[SPARK-55978][SQL] Add TABLESAMPLE SYSTEM block sampling with DSv2 pushdown by stanyao · Pull Request #54972 · apache/spark

stanyao · 2026-03-24T00:29:16Z

What changes were proposed in this pull request?

This PR adds support for ANSI SQL TABLESAMPLE SYSTEM (block-level sampling) alongside the existing TABLESAMPLE BERNOULLI (row-level sampling). Key changes:

SQL grammar: Extended TABLESAMPLE to accept an optional SYSTEM or BERNOULLI qualifier before the sample method. Added both as non-reserved keywords.
Logical plan: Introduced SampleMethod sealed trait (Bernoulli/System) and added it to the Sample node. Default is Bernoulli for backward compatibility.
Parser: TABLESAMPLE SYSTEM only supports PERCENT sampling and does not support REPEATABLE. Other methods (ROWS, BUCKET, BYTES) are rejected with clear error messages.
DSv2 pushdown: TABLESAMPLE SYSTEM is pushed down to data sources via an extended SupportsPushDownTableSample.pushTableSample() overload with isSystemSampling flag.
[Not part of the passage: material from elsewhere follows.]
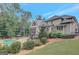 Exterior view of home showcasing the screened porch, landscaped yard, and swimming pool at 265 Beverly Farms Dr, Sharpsburg, GA 30277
Sources that don't override the new method reject SYSTEM sampling by default.
Physical planning: SYSTEM samples that aren't pushed down to a DSv2 source raise an AnalysisException — there is no row-level fallback since block sampling is data-source dependent.

Why are the changes needed?

ANSI SQL defines two sampling methods: BERNOULLI (row-level) and SYSTEM (implementation-dependent, typically block/split-level). Block sampling is significantly faster for large tables since it avoids per-row evaluation, making it useful for approximate queries and data exploration. Many databases (PostgreSQL, Hive, Trino) support this distinction.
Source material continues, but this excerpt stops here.